Representative Gara complimented Representative Hawker for
his easy-to-understand presentation of HB 224. If the
circumstances were such that $2.5 billion (or 4.5 percent)
did not cover the budget deficit, he wondered if there
would be a minimum $250 PFD or if a dividend would not be
issued.
Representative Hawker responded that the way the bill read
was that if there was not enough money from the PF
endowment, a dividend would not be paid. It was similar to
a household meeting its budget; bills were paid first. If
the legislature adopted the mechanisms laid out in the bill
the state would continue to have a PFD program, to grow
balances in the CBR, and to grow balances in the PF.
However, he felt that the state would have to be willing to
make a couple of difficult decisions and to maintain fiscal
discipline in the future.
1:51:53 PM
Representative Gattis appreciated Representative Hawker's
reference to fiscal discipline.
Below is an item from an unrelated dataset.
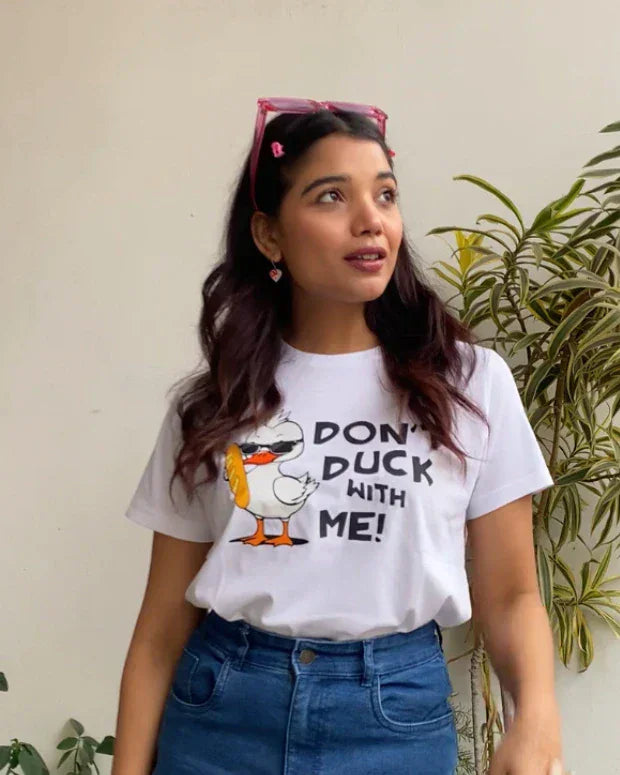 Don't Duck With Me T-Shirt by DKY, white regular graphic tee with a cartoon duck and bold text, worn by a model.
She wondered where fiscal
discipline fit into the legislation. She understood the
concept of not having money, therefore not spending it. She
pointed out that it was possible for the state to have
money without having fiscal discipline. For example, the
state could pay for programs but not payout the dividend.
She wondered how the state could have money without having
fiscal discipline and whether the state could save itself
from itself.
Representative Hawker stated that he would address
Representative Gattis' concerns as the presentation
continued.
Vice-Chair Saddler pointed out that the system was
predicated on fiscal discipline. He opined that the
legislature wanted to increase GF spending which would
result in the state not paying a dividend. He liked the
linkage proposed in the legislation of state services and
PFD's.
1:53:31 PM
Representative Hawker indicated his bill was part of a
larger fiscal plan. He suggested that an incentive needed
to be restored to be disciplined in the decisions the state
made. He indicated that his fiscal plan concept was simple.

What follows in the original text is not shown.